Two examples of Sociology departments to start you off

  • The University of Surrey – useful to know because it has reading lists attached to its courses (many universities don’t have these publically available)
  • The London School of Economics – useful to know even if you aren’t likely to get the grades due to its excellent public lecture programme and various blogs.

NB – There are another 99 universities which offer Sociology in the UK

 

 

Sociological Explanations of Educational Underachievement

This post attempts to demonstrate what sociology is by examining how the discipline approaches one particular issue – why some children do worse at school than others…from a sociological perspective, educational failure is not simply down to the individual!

The easiest way to illustrate the sociological imagination, and to demonstrate how sociologists ‘do sociology’ is to look at an example of how Sociology approaches a particular social issue – such as the the issue of educational underachievement. Most Sociologists regard this as a social problem because leaving school with few or no formal qualifications is strongly related to a future of unemployment and/ or low-skilled and low-paid work.

This post has primarily been written for students studying A-level sociology, to read as part of a two week introduction to sociology.

Why do some children fail where others succeed?

The most obvious place to look for this answer is the the children themselves – either their educational failure is a matter of low intelligence or lack of aspiration and individual effort, in which case either there’s not a lot else that anyone could do (in the case of low intelligence), or it’s down to the individual student to pull their socks up (in the case of low aspiration or effort).

A second common place to look is the individual school which could be ‘letting the students down’ – either the teachers are not committed enough, or the school is badly managed, in which case new teachers or management are required.

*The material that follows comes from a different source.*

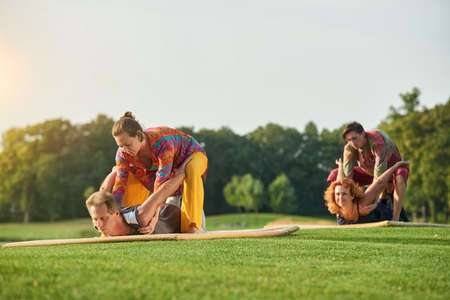 Yoga pose lying on stomach. Group thai massage on the lawn.の写真素材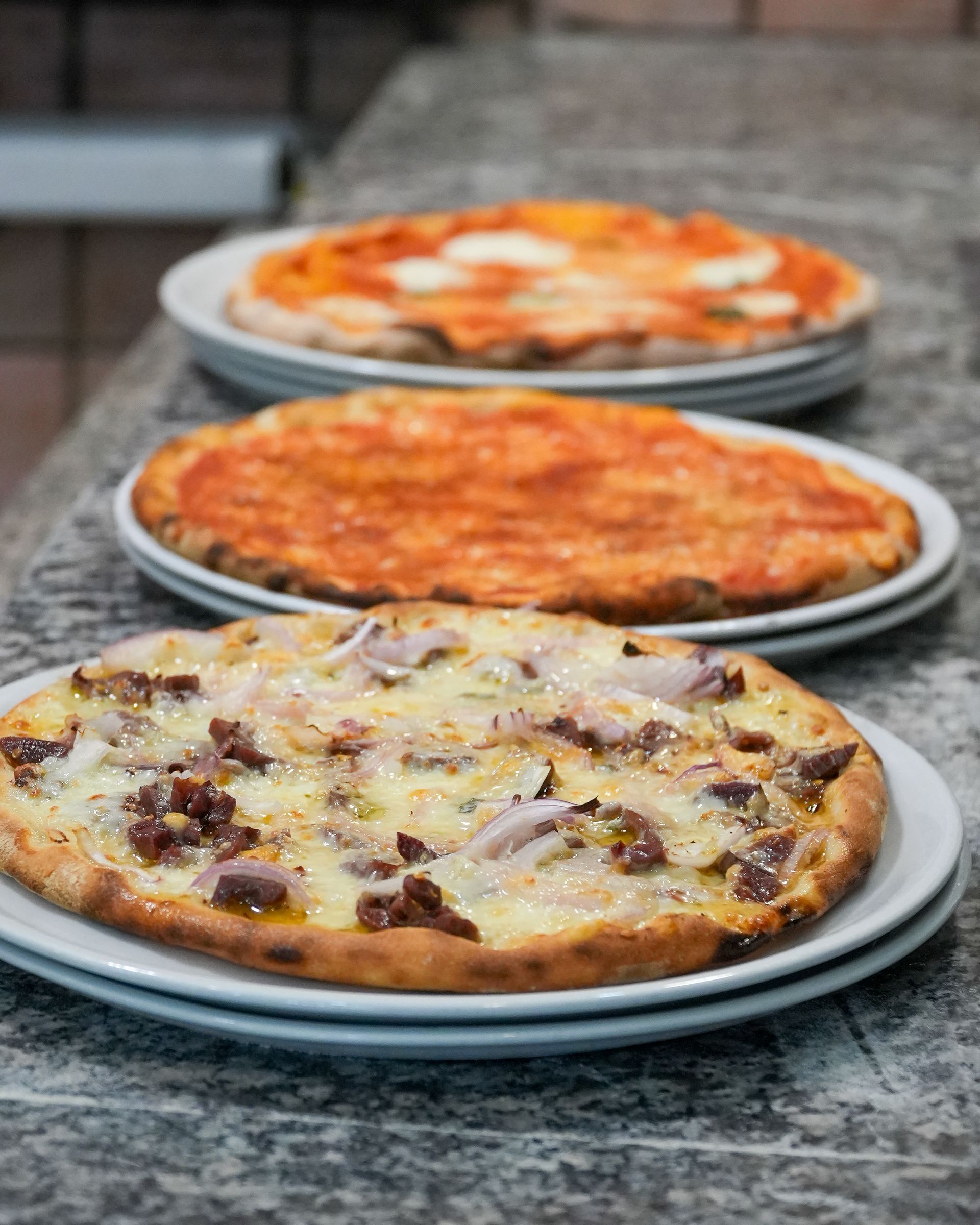 Tre pizze su piatti appoggiati su un piano di lavoro in granito, tra cui una condita con funghi e salsiccia.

While Sociologists do not dismiss either of the above explanations as factors related to educational underachievement, they argue that they do not look deeply enough at the underlying causes of this problem, and if you dig deeper (using statistical methods, and more of that later), you will see that there are more significant factors related to differential educational underachievement – such as the level of income of parents, the values of parents.

Poverty and Educational Underachievement

There is in fact a very strong relationship between the amount of income and wealth parents have and how well their children do in school. To put it bluntly, the poorer someone’s parents are, the more likely their children are to get poor GCSEs.

This is because poverty acts as a limiting factor on educational achievement. Poverty leads to material deprivation which in turn is related to such things as poor diets, which means higher levels of illness, and fewer bedrooms in the household which means there is less likely to be a private study-space, and later on, being from a poor background means teenagers are more likely to take up part-time jobs while studying A levels or degrees, which means less study time.

At the other end of the scale, a higher income can mean private tuition or even private schools. Think about it – parents wouldn’t pay £10 000 a year if private schools didn’t work!

What all the above means, is that OBJECTIVELY, all other things being equal, if you take two students, one rich kid and one poor kid, and the poor kid is ill more often, can’t concentrate on homework because he has to share a room with his younger brother, and does 15 hours work a week while doing A levels, while the rich kid has none of the above barriers and has a couple of hours private tuition a week, it is hardly surprising that the rich one is going to get better results.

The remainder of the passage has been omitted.